Interview: Fred Siegel on The Revolt Against the Masses

MR. DRISCOLL:  In the new book, you mentioned Sinclair Lewis’s 1935 novel, It Can’t Happen Here, and the early Progressives’ fixation on the Rotary Club, to the point where Lewis believed, semi-seriously, that they would overthrow the Federal Government. My late father was president of his local New Jersey chapter one year in the mid-1970s.

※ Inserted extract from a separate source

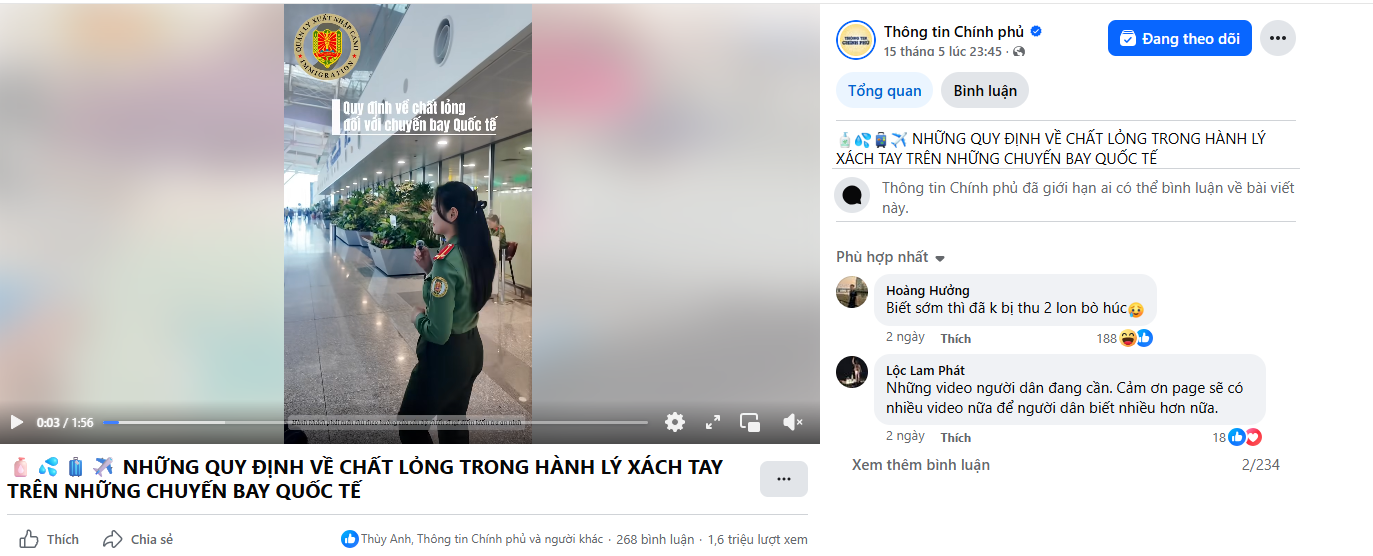Thông tin Chính phủ nhắc nhở toàn bộ người dân về 1 loại hành lý xách tay khi bay quốc tế - Ảnh 1.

Back then, I thought he was just going off to have lunch with his fellow businessmen; I had no idea what a hardcore violent revolutionary he was!

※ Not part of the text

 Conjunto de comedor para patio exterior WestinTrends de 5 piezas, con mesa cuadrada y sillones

MR. SIEGEL:  It made as much sense then as it does now.  The idea behind this goes back to Sinclair Lewis' novel Main Street, in that ‑‑ in that in Main Street, the creative people are terribly repressed.  They [feel as though they] can't live up to their full potential because America's business civilization and democracy holds them down.  That goes to the very core of liberalism.

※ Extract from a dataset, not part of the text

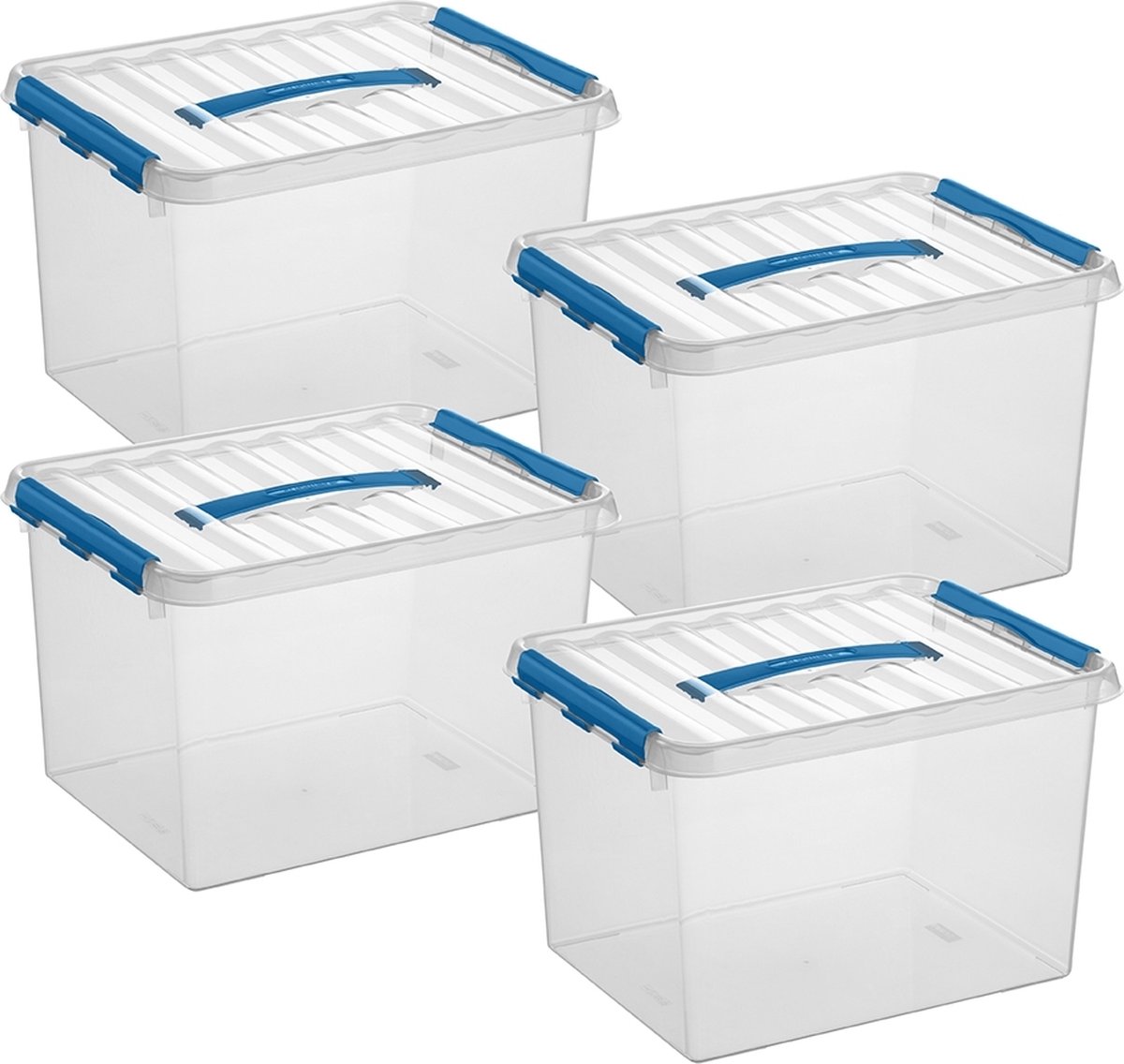 Sunware Q-Line opbergbox 22L - Set van 4 - Transparant/Blauw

And so when we get to It Can't Happen Here, which is still read today, it's still assigned in classes, Paul Krugman still talks about it; the only example that Lewis, who was not terribly imaginative, can think of for American fascism, is the Rotary Clubs.  The Rotary Clubs ‑‑ and the Moose Lodge and the Elks Lodge.  The very same organizations that Tocqueville saw as the basis of American democracy, small-d-democracy, are just what Lewis points to.

And this is part of the perversity of liberalism, the kind of civic culture that we all depend on is identified as the enemy.  And the good guys are government bureaucrats.

MR. DRISCOLL:  I remember when we spoke in 2009 for PJ Media's XM Radio Show, and you had just done yeoman work, reintroducing into circulation, much that had been forgotten about H.G. Wells beyond his science fiction novels.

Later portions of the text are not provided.